Language is the element of definition, the defining and descriptive incantation. It puts the coin between our teeth. It whistles the boat up. It shows us the city of light across the water. Without language there is no poetry, without poetry there’s just talk. Talk is cheap and proves nothing. Poetry is dear and difficult to come by. But it poles us across the river and puts a music in our ears. It moves us to contemplation.
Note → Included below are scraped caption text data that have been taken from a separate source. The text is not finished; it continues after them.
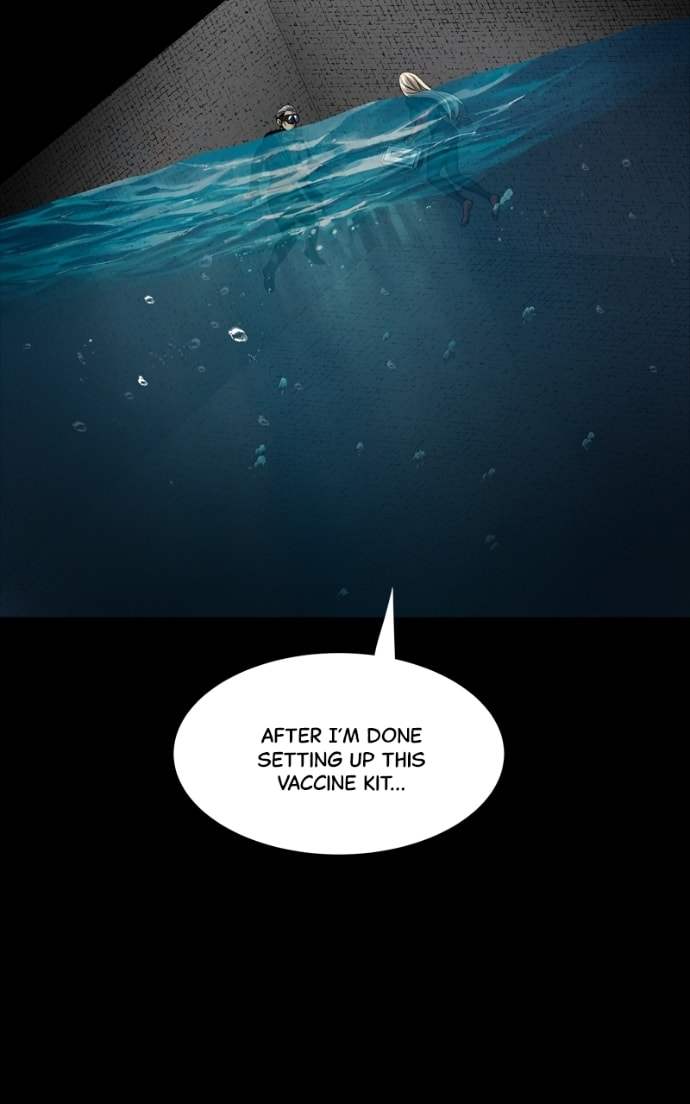 Dead Queen Chapter 163.5 page 53 - 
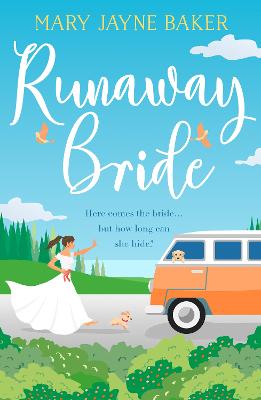 Image of Runaway Bride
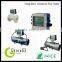 Cheap wireless ultrasonic flow meter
And what we contemplate, what we sing our hymns to and offer our prayers to, is what will reincarnate us in the natural world, and what will be our one hope for salvation in the What’s To Come.
That time of evening, weightless and disparate,
When the loon cries, when the small bass
Jostle the lake’s reflections, when
The green of the oak begins
To open its robes to the dark, the green
Of water to offer itself to the flames,
When lily and lily pad
Husband the last light
Which flares like a white disease, then disappears:
This is what I remember. And this:
The slap of the jacklight on the cove;
The freeze-frame of ducks
Below us; your shots; the wounded flop
And skid of one bird to the thick brush;
The moon of your face in the fire’s glow;
The cold; the darkness. Young,
Wanting approval, what else could I do?
And did, for two hours, waist-deep in the lake,
The thicket as black as death,
Without success or reprieve, try.
The stars over Blackwater Mountain
Still dangle and flash like hooks, and ducks
Coast on the evening water;
The foliage is like applause.
I stand where we stood before and aim
My flashlight down to the lake. A black duck
Explodes to my right, hangs, and is gone.
He shows me the way to you;
He shows me the way to a different fire
Where you, black moon, warm your hands.
from Poetry Magazine (January 1972) 215.